Os venues e a adaptação à nova realidade
06-04-2020
São espaços para grandes eventos, de lazer ou de negócios, lugares que acolhem habitualmente vastas audiências. O impacto da pandemia tem sido forte no setor e, por todo o mundo, sucedem-se os adiamentos ou cancelamentos de eventos. São tempos sem precedentes, terreno novo e um período de adaptação e reinvenção. Perante este momento de incerteza, o que é feito destes espaços? Foi o que a Event Point quis saber, junto do Altice Forum Braga, Altice Arena e Centro de Congressos do Estoril.
O último espetáculo a que o Altice Forum Braga serviu de palco foi o “Casal da Treta”, que teve lugar a 7 de março. Embora sem estar atualmente a acolher eventos, o calendário do venue bracarense “apresenta uma ocupação, para o período de julho a dezembro, superior a 80%”, conta fonte da administração da InvestBraga, responsável pela gestão do espaço, acrescentando terem “reservas significativas” para junho, mas que está em “avaliação” a necessidade de poderem vir a ser alteradas.

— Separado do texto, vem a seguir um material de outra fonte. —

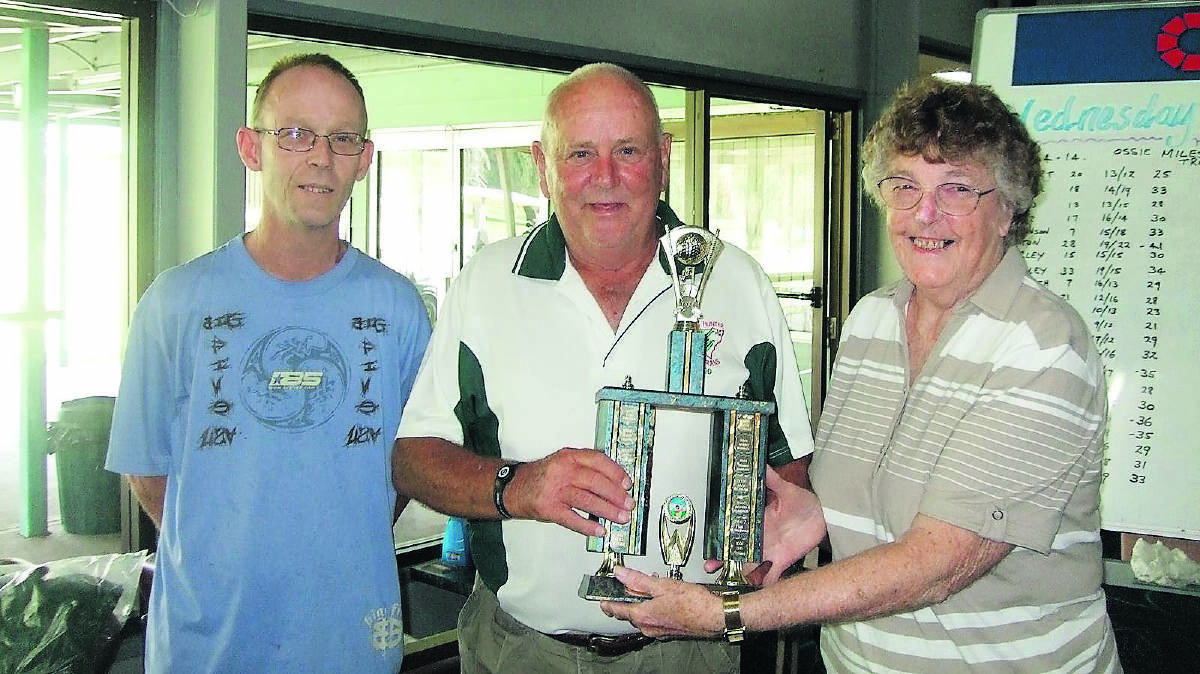 GREAT RESULT: Ossie Miles Trophy winner Rod Upton is presented with the trophy by Judy Miles and son Ian Miles at the Muswellbrook Golf Club.
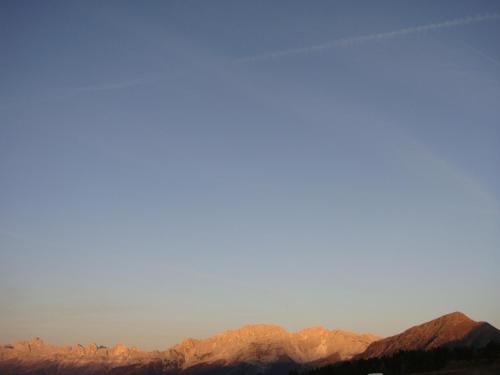 a group of mountains with the sun shining on them at Berghotel Jochgrimm - Your Dolomites Home in Varena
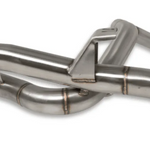 Close-up of a stainless steel exhaust system on a white background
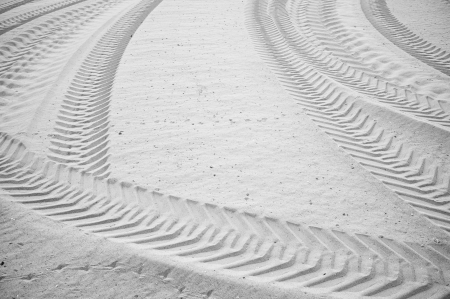 Intersected tyre tracks on soft sandy soilの写真素材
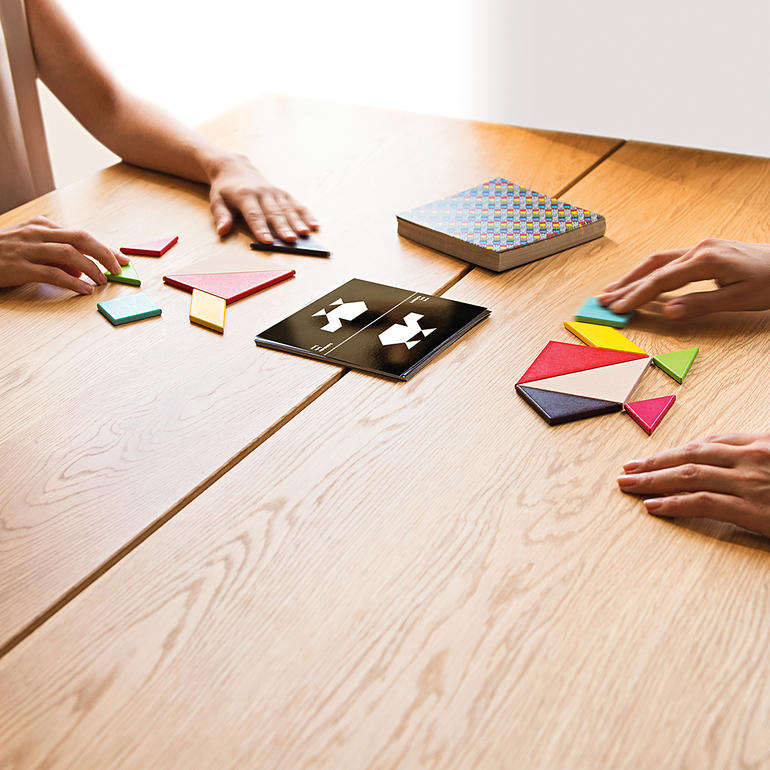 Deux personnes jouent au Tangram sur une table en bois.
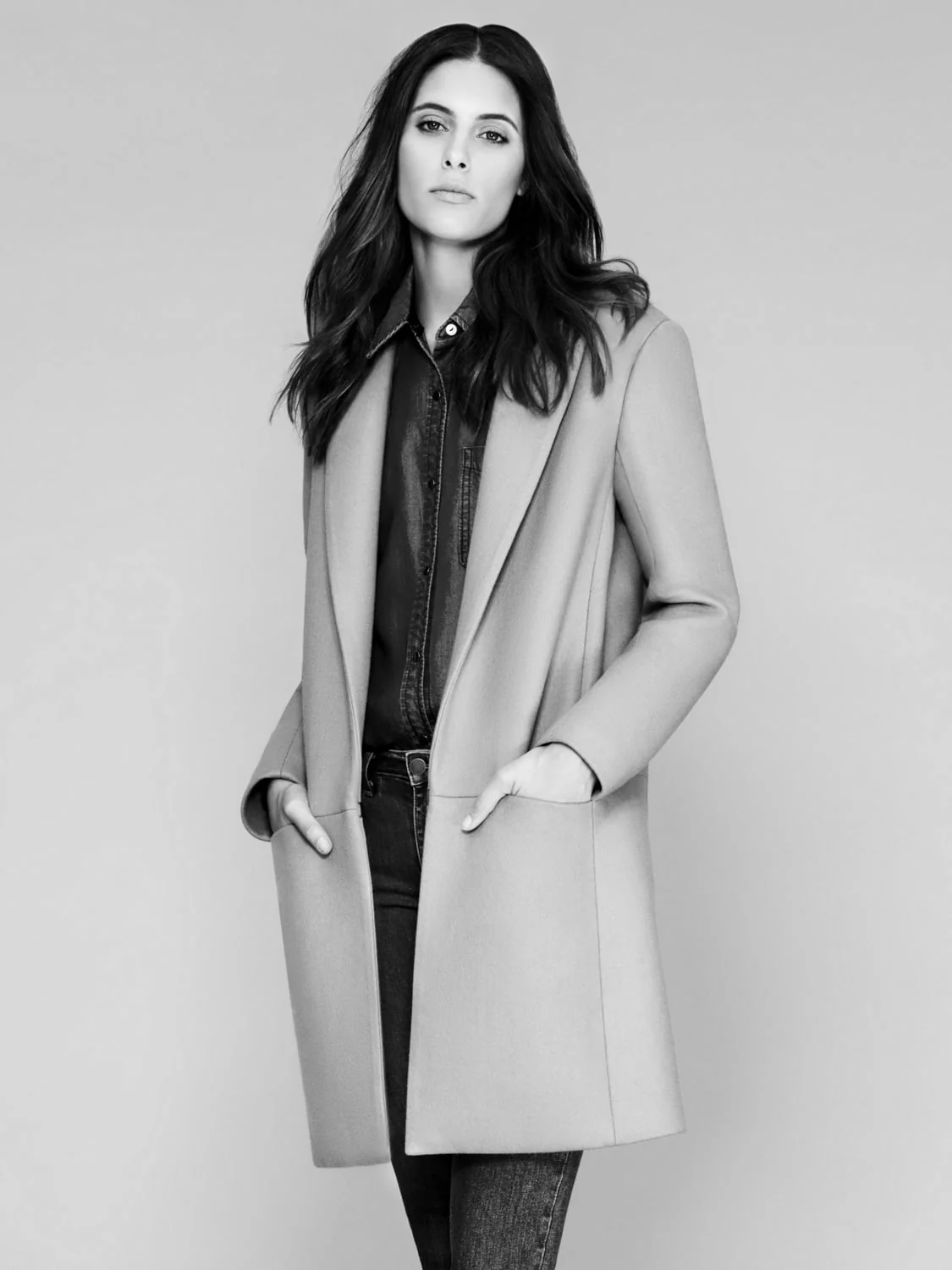 Black-and-white studio portrait of a woman in a long wool coat, denim shirt and jeans, hands in her pockets.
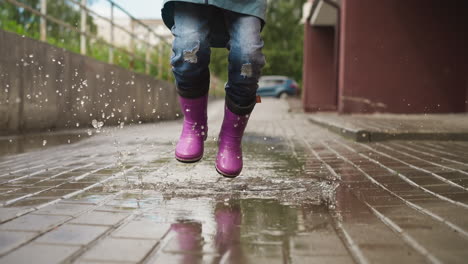 una chica joven saltando en un charco en un día de lluvia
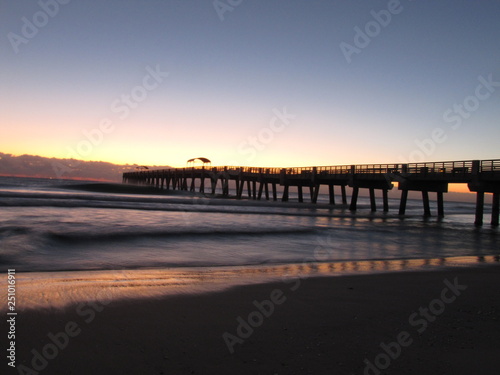 old wooden pier at sunset © Charlene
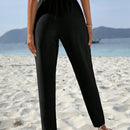 Pantalones conicos unicolor con cordon delantero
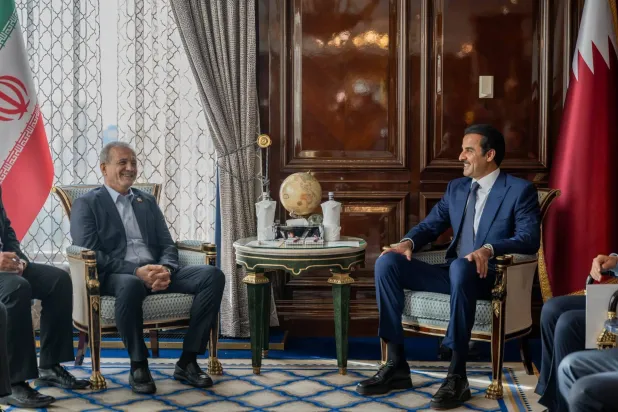 27 October 2026, Russia, Moscow: Qatar's Emir Sheikh Tamim bin Hamad Al Thani meets with Iranian President Masoud Pezeshkian at his residence in Moscow, on the sidelines of the Summit of Heads of State and Government of the Gas Exporting Countries Forum (GECF). (Emiri Diwan Office) 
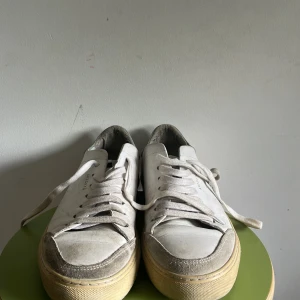 Vita sneakers från Axel Arigato - Snygga vita sneakers från Axel Arigato i storlek 42. Skorna har en klassisk låg siluett med snörning, beige sula och detaljer i mocka på tån. Tillverkade i skinn och mocka, med diskret guldtext på sidan och märkning bak.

Os cancelamentos efetivos no Altice Forum Braga têm sido poucos e os clientes estão a optar por adiar os seus eventos. “A nossa política tem sido a de apoiar os clientes, aceitando os adiamentos sem penalizações, e permitindo que as mesmas possam ser efetuadas ainda em 2020 ou 2021 desde que a reserva fique liquidada, o que tem sido bem aceite”, explica a InvestBraga.
Altice Forum Braga
A Altice Arena tem “transversalmente uma postura de parceria” com os clientes e, “em virtude da situação excecional que vivemos”, tem tentado “encontrar a melhor solução para cada evento de forma a minimizar os impactos desta crise que afeta este sector de forma violenta”, refere Jorge Vinha da Silva, CEO da Altice Arena. E adianta: “Na prática, tem-se aplicado aos eventos não realizados um retainer fee que garanta o trabalho já realizado nos projetos. A montante garantimos a continuidade dos nossos contratos de fornecimento em termos de edifício, que não pode parar a 100% para minimizar o impacto no ecossistema.” Foi também a 7 de março que a Altice Arena recebeu os seus últimos eventos: o SISAB – Salão Internacional do Setor Alimentar e Bebidas e o concerto de Tarja. E, desde então, e na maioria dos casos, os eventos marcados têm sido reagendados para o último trimestre deste ano ou para o primeiro trimestre de 2021.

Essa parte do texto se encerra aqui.